Shouldn't assignment be already known after decoding? I mean, an integer instruction is an integer instruction, a load/store is a load/store and an FP instruction is an FP instruction. Why would you need templates to do this?
Well, strictly speaking, this isn't possible on Itanium. The instruction operation is defined by
both a 4-bit opcode in each instruction, in addition to the template...you can't look at the instruction alone to determine what it does. Assuming that this wasn't the case, it's likely easier to look at the 5-bit template and
know how to disperse the instructions to appropriate issue slots, rather than decoding each instruction opcode and deciding how to issue the instruction. I'm not positive (I can find out ), but I think that the instruction opcodes are not looked at in the instruction dispersal stage...the template alone should be enough.
The template also serves to indicate if/where the stops occur in the bundle, which is especially important in the few cases where the stop is not at the end of the bundle. I'm guessing that the template information is pretty important in enabling the three instructions to fit in a 128-bit bundle. If the 5-bit template were removed, and four bits were added to each instruction opcode (3 to encode the instruction type, 1 to indicate the presence of a stop), the bundle would be 135 bits.
Does the concept of SIMD contradict RISC principles?
Personally, I consider RISC/CISC to be orthogonal to SIMD/SISD and VLIW/sequential architecture. The first VLIW architectures were obviously CISCy, since they predated RISC. Despite that Itanium's instruction set architecture packs in a lot of things, its instruction atoms are more RISCy than CISCy, and even takes some RISC principles to an extreme. It has a large number of general-purpose registers, the instructions are relatively simple (all ALU and integer operations take one cycle to execute, all FP operations take four cycles), it has only one addressing mode, and the instructions are fixed-length and have a relatively few number of regularly composed instruction formats.
SIMD/VLIW are by nature a 'complex' instructions, but does that mean that a true RISC chip shouldn't have SIMD at its disposal?
Some would probably say that the simple SIMD implementations we've seen aren't necessary on RISC processors, given their better floating-point architecture compared to x87. Given Itanium's FP performance using its scalar architecture, and that its multimedia SIMD architecture was almost an afterthought, I kind of agree with this view...with a well-designed floating-point architecture, a simple SIMD extension shouldn't be necessary.

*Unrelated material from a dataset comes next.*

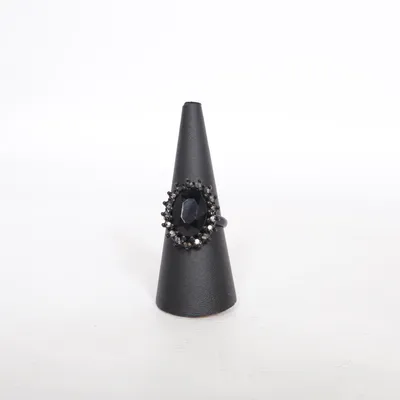 Ring (Zwart) Onbekend materiaal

Of course, a "true" vector architecture, ala Cray with long 64+ element vectors, and a beefy memory system to support it, can do wonders for scientific computing and linear algebra routines....but it's purpose is otherwise pretty limited.
On the other hand, all the major RISC architectures (PA-RISC, POWER, SPARC, MIPS, I don't know about ARM) have had SIMD extensions, some even before x86...but I wonder how much of the motivation was just a fad, and if the extensions are widely used.